"Well," replied Blue-Heart after a moment's thought, "I used to see him when he was a lad and Monsieur le Chevalier his father lived in the house yonder, which now belongs to Marshal Cormier. It's because de Livardot comes from these parts, and knows the house so well, that the chiefs are sending him over from England to help us in our work."

"But if he hasn't seen the place since he was a lad——"

"Even so! There are plans of the house and——"

"Hush!" broke in White-Beak peremptorily.

A sudden silence fell upon them. From away down the narrow street had come the weird and mysterious hooting of a screech-owl calling through the night.

Blue-Heart jumped to his feet and in a trice was over the threshold in the other room.
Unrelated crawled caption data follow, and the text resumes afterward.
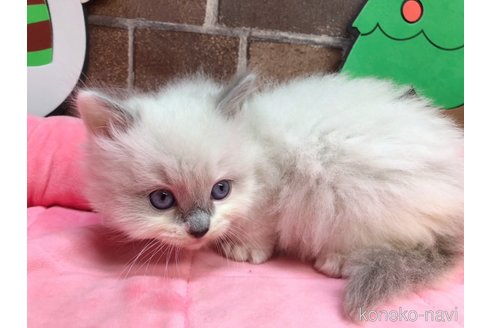 成約済の東京都のラグドール-71062の4枚目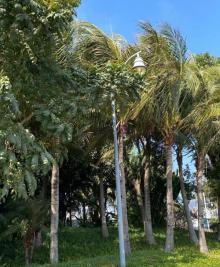 深圳湾公园23
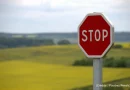 Stop, colza, france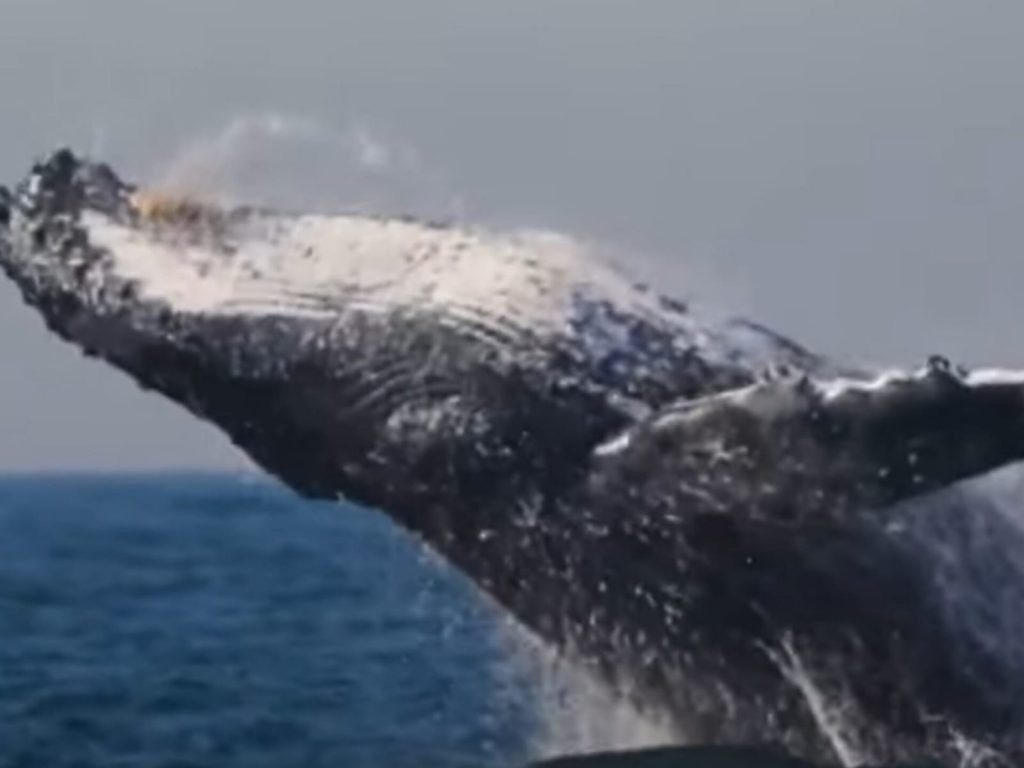 Espécime de baleia jubarte. (Foto: Reprodução/YouTube)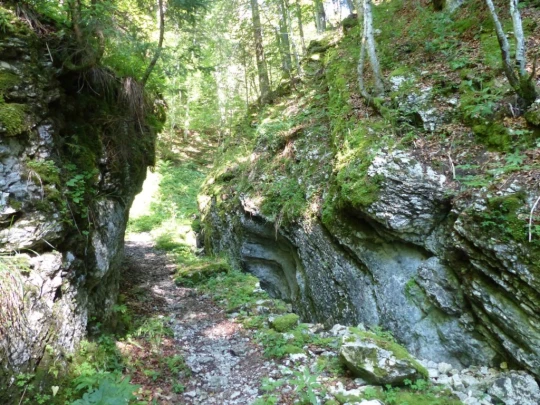 les-ponts-de-martel-la-chaux-de-fon-116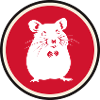 Rodent Mouse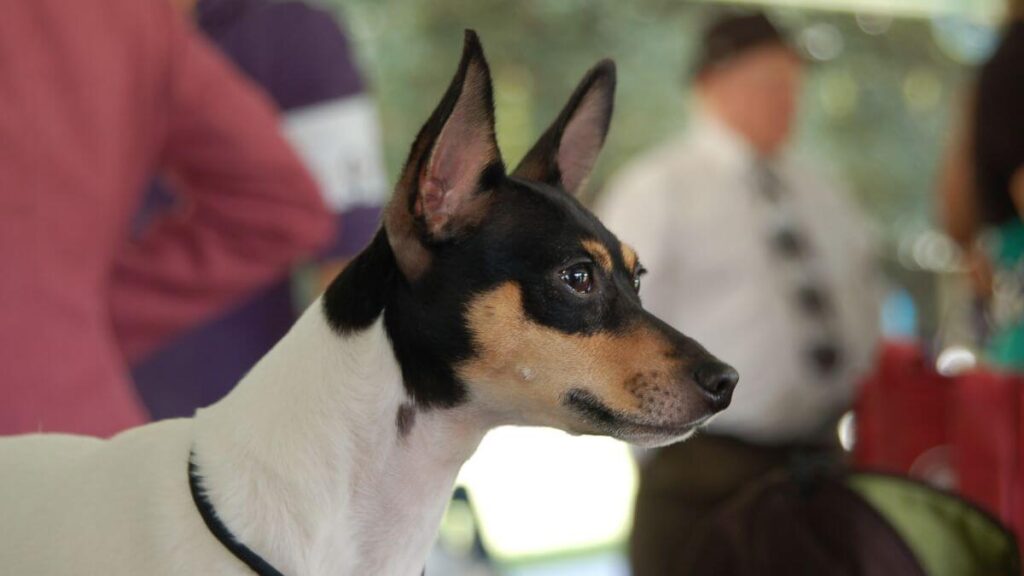 Toy Fox Terrier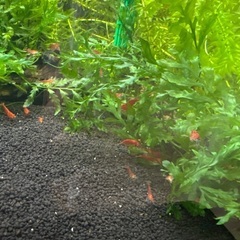 レッドチェリーシュリンプ  30匹の画像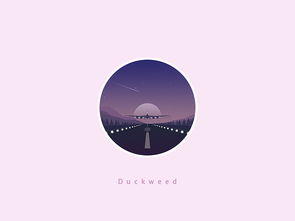 duckweed是什么意思啊，duckweeds
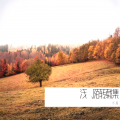 浅、陌 - 死別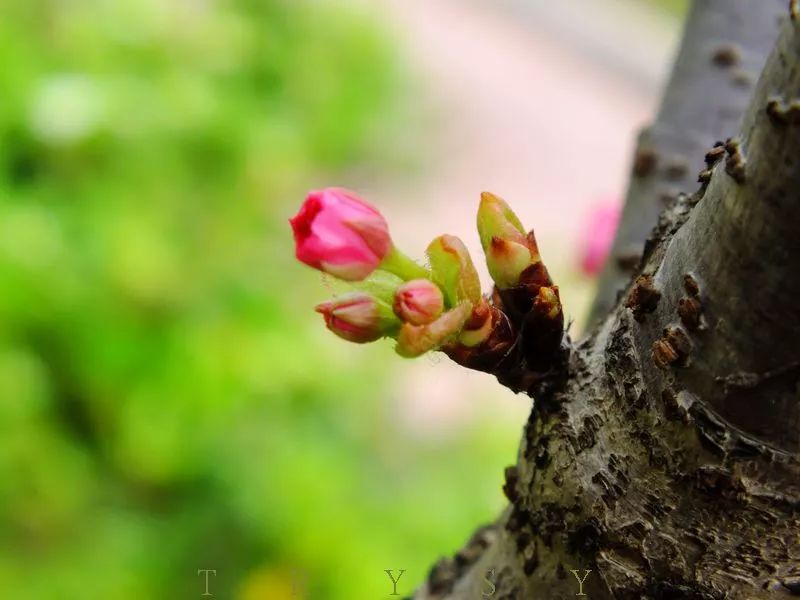 节气立春一年之计在于春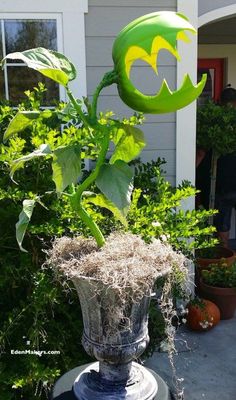 a potted plant in front of a house with the word batman painted on it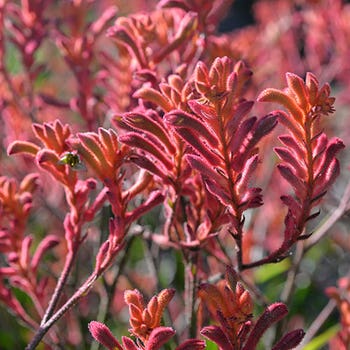 Anigozanthos Bush Coral - kangaroo paw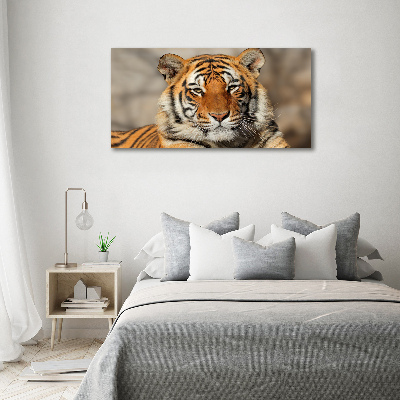 Wall art acrylic Bengal tiger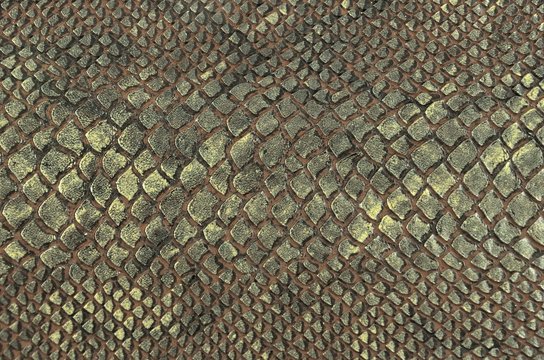 snake skin texture background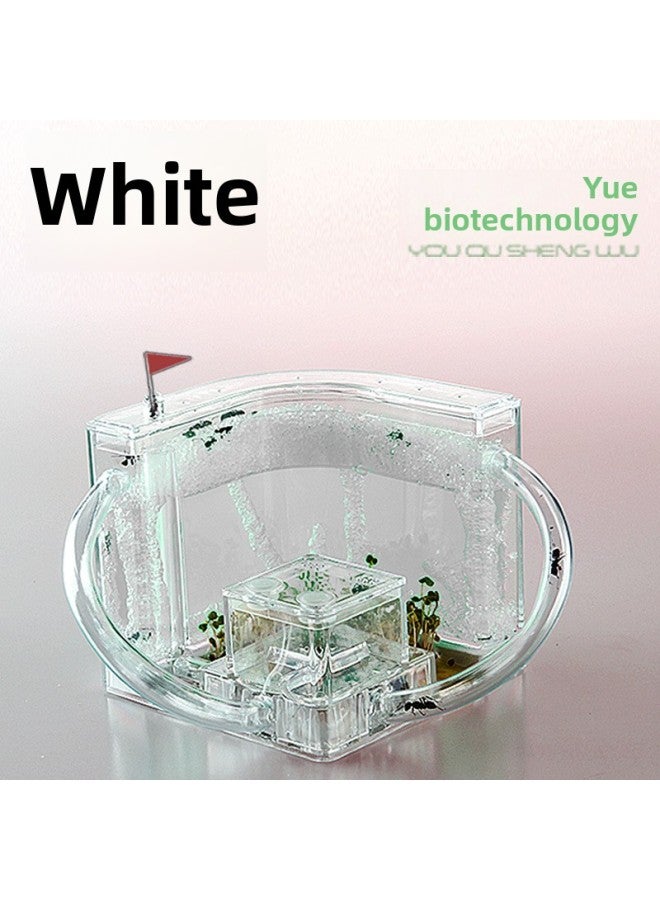 Funny Creature Ant Workshop Ant Villa Home Castle Children's Educational Toys Children's Toys Scientific Toys-Color:White.  - Image 1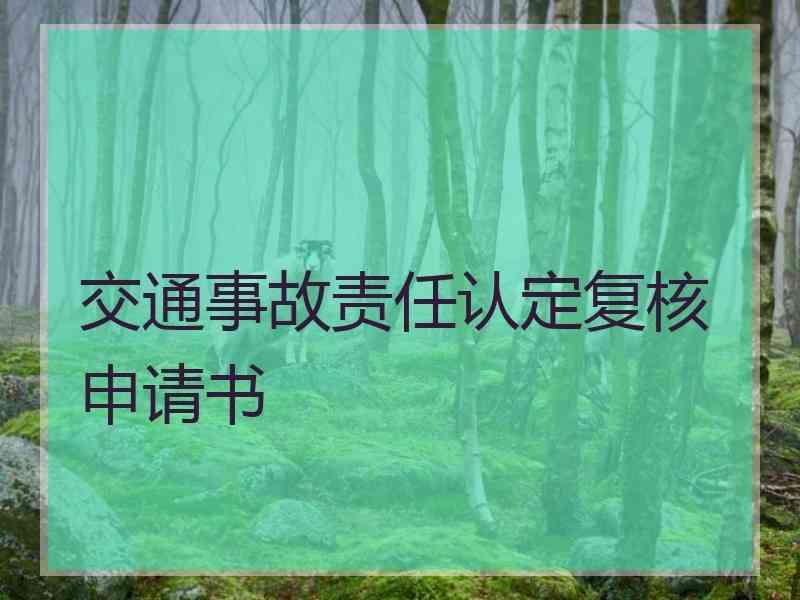 交通事故责任认定复核申请书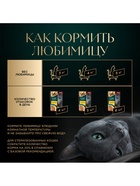 Влажный корм Sheba «Суп Коллекция» для взрослых кошек, суп, курица,70 г - Фото 5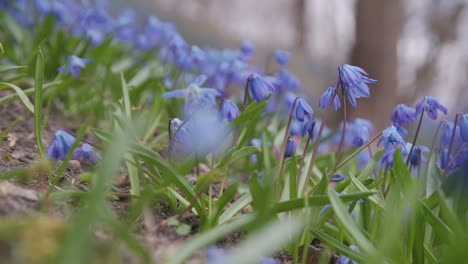 Close-up-of-Blue-Hepatica-Flowers-Waving-in-Wind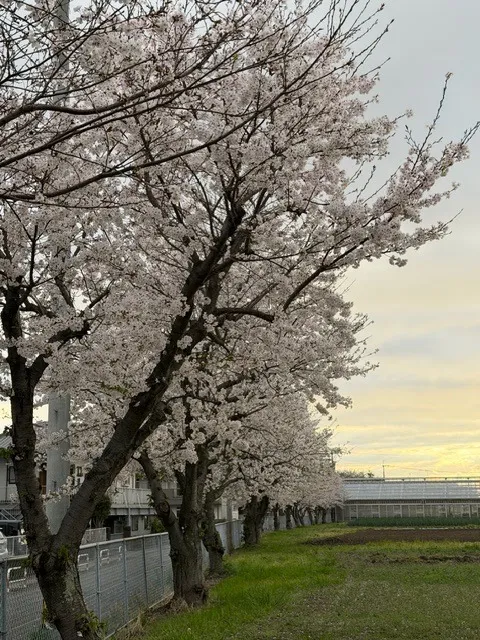 探偵 福岡|浮気調査、調査間における桜の時期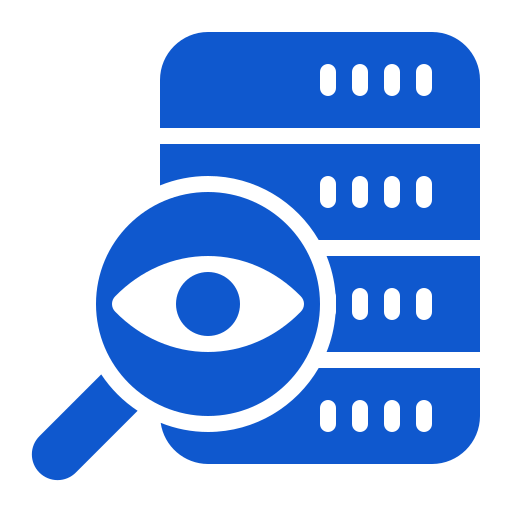 Data Audit & Cleansing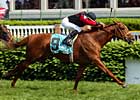 Honor in War Retired in Australia Honor in War Retired in Australia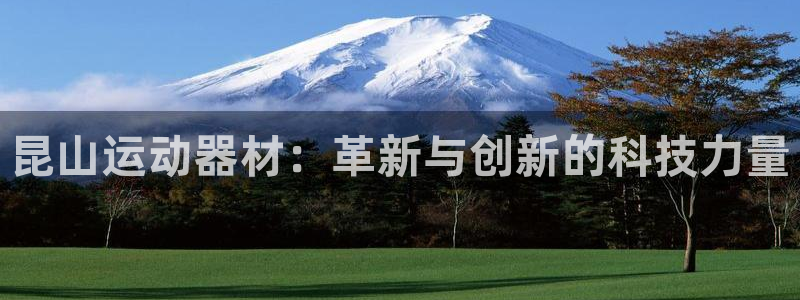 凯捷体育集团E.ON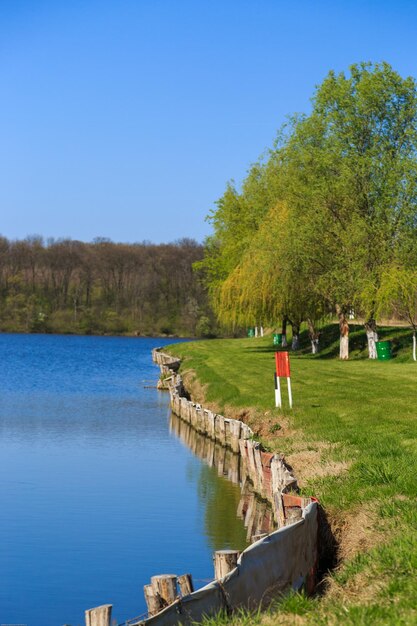 Foto bäume, die am flussufer gegen einen klaren blauen himmel wachsen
He strode across to the window and, leaning out, peered up and down the street.

Before him, about a kilomètre outside the city, the pointed roofs and tall chimneys of Les Acacias peeped above the low houses opposite. It was the residence of Marshal Cormier, Duc de Gisors, and here the Emperor and his suite would sleep on the following night. The wintry moon picked out the metal ornaments of the roofs and the crests of the tall, encircling trees with shimmering lines of silver.

Blue-Heart uttered a comprehensive curse.

"Without de Livardot," he muttered between his teeth, "we shall fail!"

He was about to close the window, thinking that once again his comrades' ears and his own had been deceived, when a solitary pedestrian at the far end of the street arrested his attention—a man walking very slowly, as if he were infinitely weary. He wore an old-fashioned three-cornered hat, and a voluminous mantle was wrapped closely round his shoulders. Blue-Heart waited, breathless, while the pedestrian came leisurely down the street. Presently he paused and, with nose in the air, studied the outside aspect of the houses. Then he put the fingers of both hands to his lips and once more the melancholy call of the screech-owl rang out through the night.